Querem o treinador ou a ideia?
O Benfica está a avançar para Roger Schmidt. Ao fazê-lo, quer o treinador ou a ideia de futebol que ele defende? É que esta pode levar a uma revolução e convém o clube estar preparado para isso.
Roger Schmidt está na calha para ser treinador do Benfica em 2022/23 e por estes dias já toda a gente viu, ouviu ou leu referências ao futebol vertiginoso e pressionante do técnico alemão, apresentado como panaceia para todos os problemas do clube. Vejo em Schmidt uma coisa que nunca vi nos antecessores estrangeiros escolhidos por Rui Costa, ainda nos seus tempos de diretor desportivo de Luís Filipe Vieira – uma ideia. Mas é preciso que na Luz percebam que essa ideia traz a conta agrafada e que, para terem sucesso, têm de pôr tudo em causa, sem tabus. Porque essa teoria segundo a qual um bom treinador tem de ser capaz de pegar em qualquer grupo de jogadores já foi chão que deu uvas. É evidente que qualquer treinador pode pegar em qualquer plantel, mas acima de um determinado nível todos eles são mais facilmente potenciáveis se puderem constituir o seu próprio grupo, um grupo que sirva como uma luva às suas ideias. Acreditar no contrário é negar a importância de um treinador numa equipa de futebol.

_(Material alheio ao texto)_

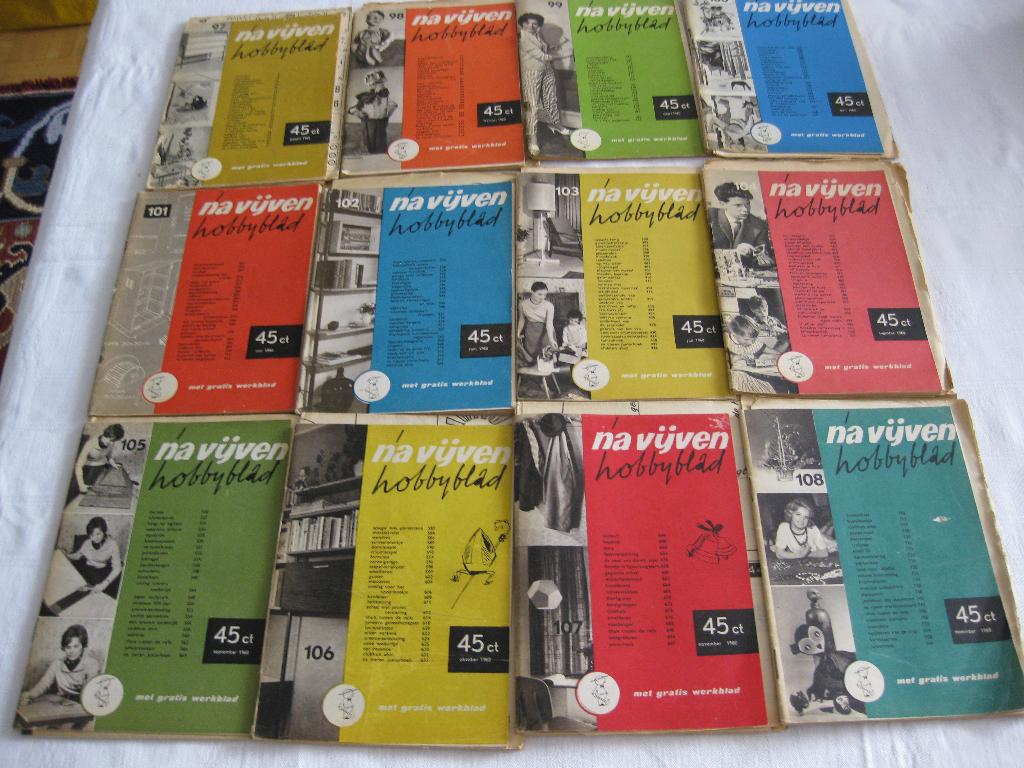 Na Vijven hobbyblad, A5-formaat, Boeken, Hobby en Vrije tijd, Gelezen, Diverse auteurs, Ophalen of Verzenden, Overige onderwerpen
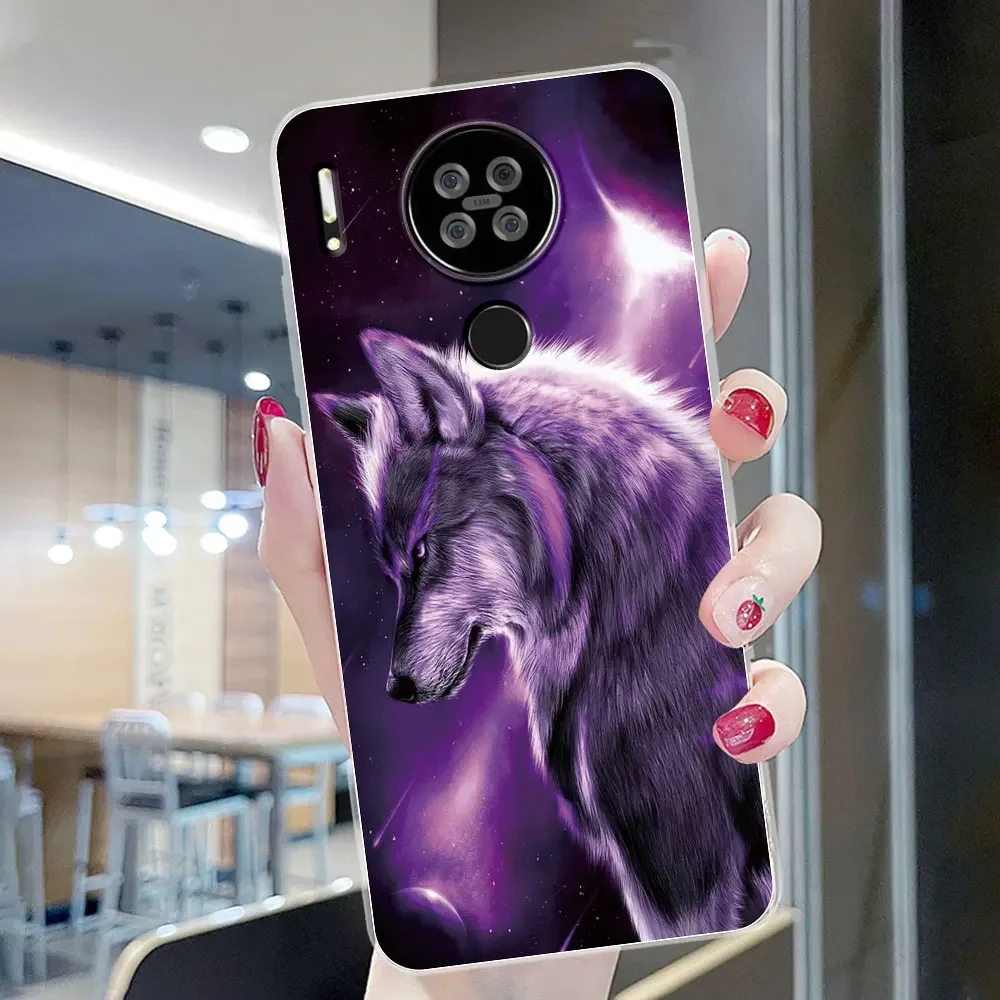 JDXHFF Coque Compatible Avec Blackview A70 / Blackview A70 Pro (6.5") Et 2 Pi&egrave;ces Verre Tremp&eacute;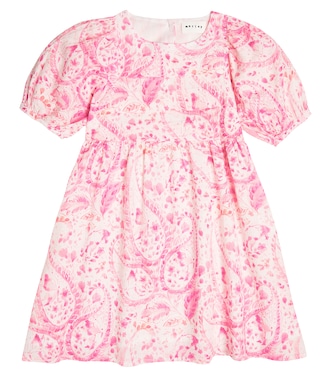 Salty Paisley printed cotton dress | Morley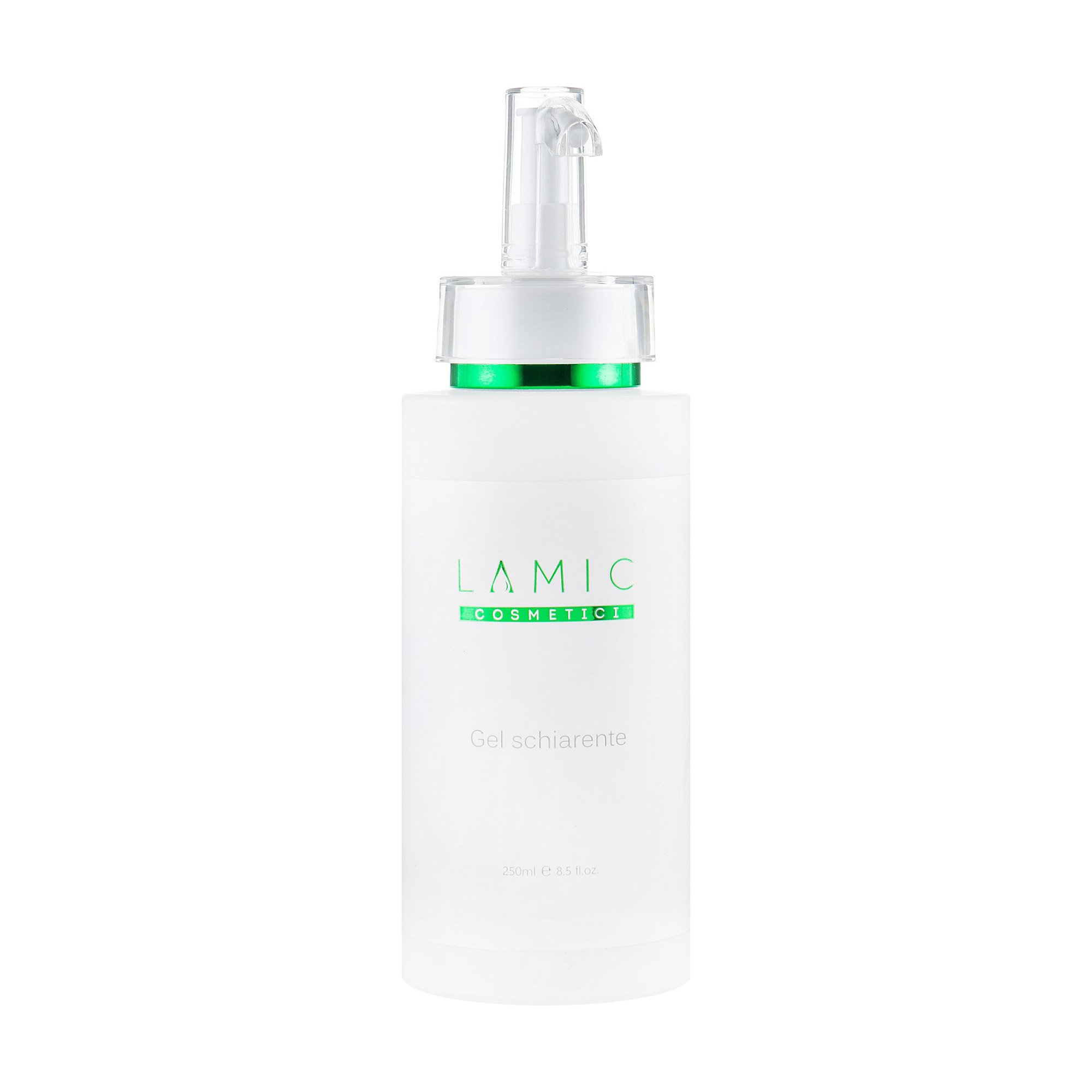 Уцінка! Апаратний освітлювальний гель для обличчя Lamic Cosmetici Gel Schiarente, 250 мл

Já ontem, brevemente, no Futebol de Verdade (que pode ver aqui), manifestei as minhas mais sérias dúvidas acerca do timing “escolhido” para a fuga de informação. Sei que estas coisas nem sempre são controláveis e até que a revelação de que Nélson Veríssimo não seguirá pode ter na equipa efeitos muito diversos. Depende de cada grupo – tanto pode levar os jogadores a desmobilizar em vésperas de um jogo fundamental, em Braga, na luta pelo segundo lugar, como pode levá-los a um extra de empenho e concentração para permitirem ao treinador sair em altas... –, mas o mais habitual mesmo é que os efeitos sejam nocivos. Mas admitamos que não houve escolha e que o facto de o nome de Schmidt ter saltado para o topo da atualidade se deveu a fatores incontroláveis pelo Benfica. Seria inteligente mudar de rumo só porque, do lado de lá, alguém deu com a língua nos dentes? Já vi acontecer, mas creio que não. Se o que o Benfica procura é uma ideia e acha que ela está personificada naquele treinador, então tem de o assumir, deixando de parte esses pequenos percalços. E tem de o assumir daqui para a frente, mesmo se o treinador olhar para o plantel e chegar à conclusão de que precisa de o reformular de forma radical.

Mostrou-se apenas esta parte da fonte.